Furthermore, he said the delay in the convening of regions and provinces was to avoid “unnecessary litigation”.
In 2012, the ANC’s national executive committee (NEC), led by then secretary-general Gwede Mantashe, decided to bar the 20-member Free State provincial executive committee. The move came after the Constitutional Court found it to be invalid, following a legal challenge by some branches over the processes leading up to the conference.
This excluded the Free State PEC from voting at the 2012 ANC Mangaung conference, apart from members like then Free State chairperson Ace Magashule who voted in his capacity as an NEC member.

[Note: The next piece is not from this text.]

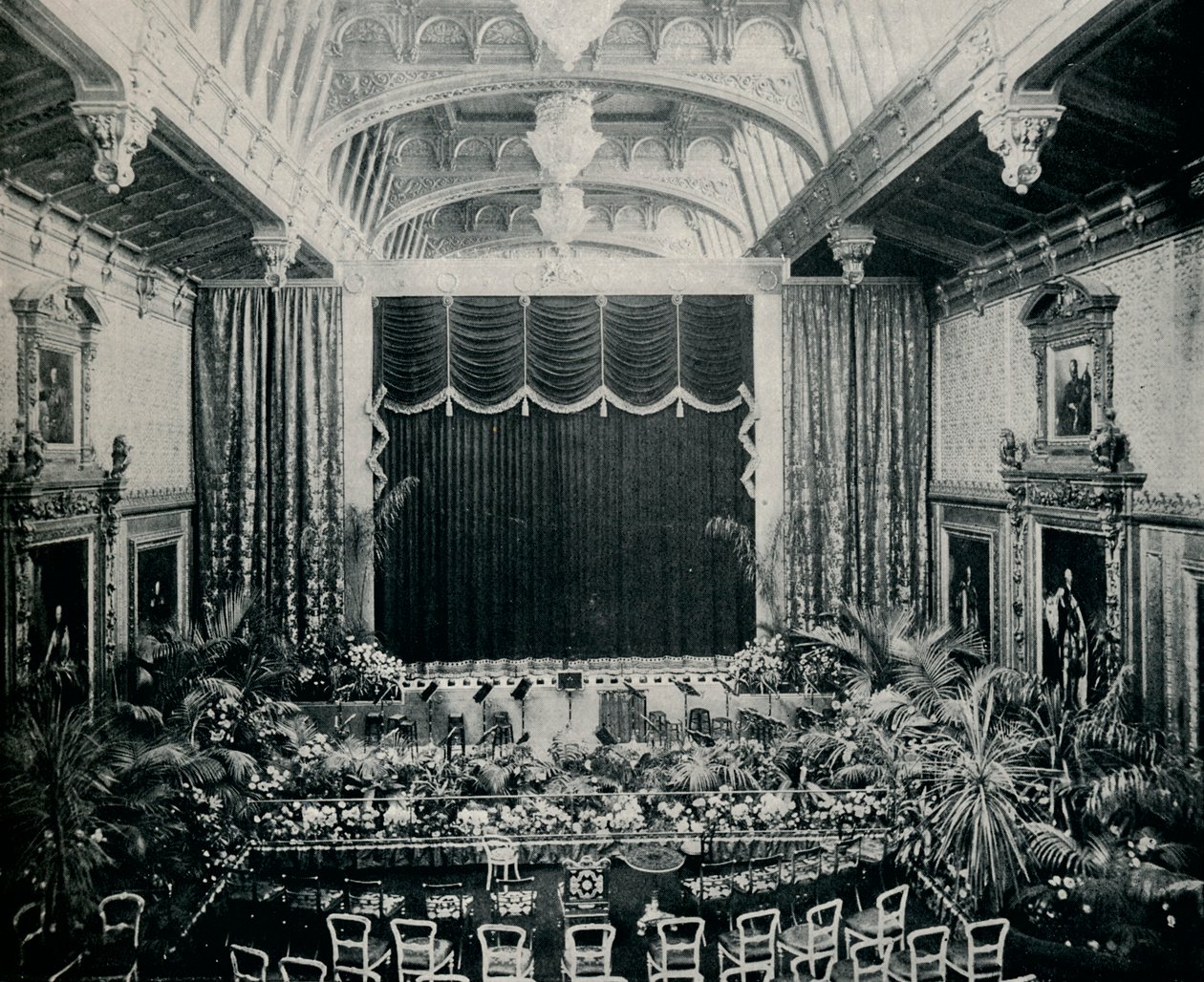 The Waterloo Chamber, Windsor Castle, 1891, c1891, 1901 Állami Színművek színházaként alkotó: Eyre and Spottiswoode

In 2017, a similar fate befell the province’s PEC after the NEC decided that the PECs of KwaZulu-Natal and the Free State would not be allowed to vote on any matter at the party’s hotly contested 54th elective conference in Nasrec.

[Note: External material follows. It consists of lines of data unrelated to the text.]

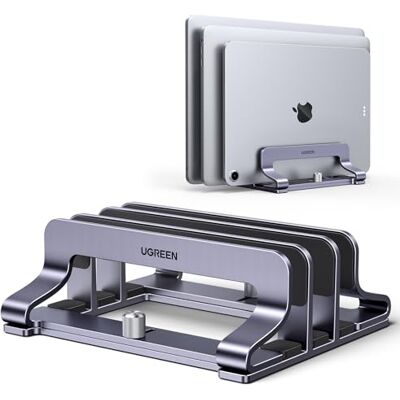 UGREEN Supporto Verticale Orizzontale 2 in 1 per Laptop Grigio Regolabile Stand per PC Portabile Salvaspazio Compatibile con MacBook Pro Air MateBook Chromebook Surface HP iPad Pro Air UGREEN Supporto Verticale Orizzontale 2 in 1 per Laptop Grigio Regolabile Stand per PC Portabile Salvaspazio Compatibile con MacBook Pro Air MateBook Chromebook Surface HP iPad Pro Air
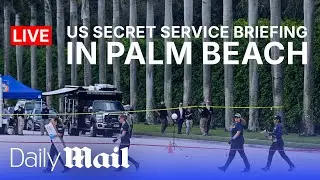 LIVE | U.S. secret service briefing in Palm Beach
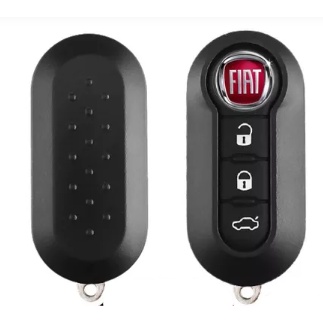 Chave Fiat Canivete Punto 500 Bravo Siena Strada Carcaça Botões Brancos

Nompondo said: “In the past, we were not able to work together for a number of years, but now I do have a sense that all members in the IPC are working towards what we were brought together to achieve.”
He reiterated that “by the time the national conference sits in December, we would have had a provincial conference of the ANC in the Free State”.
Last month, disgruntled ANC members from the Mangaung region approached the Free State High Court over what it termed the “slow pace of conference preparations.”
The group has also called on the disbandment of the ANC Free State IPC, led by former economic development MEC Mxolisi Dukwana and Nompondo.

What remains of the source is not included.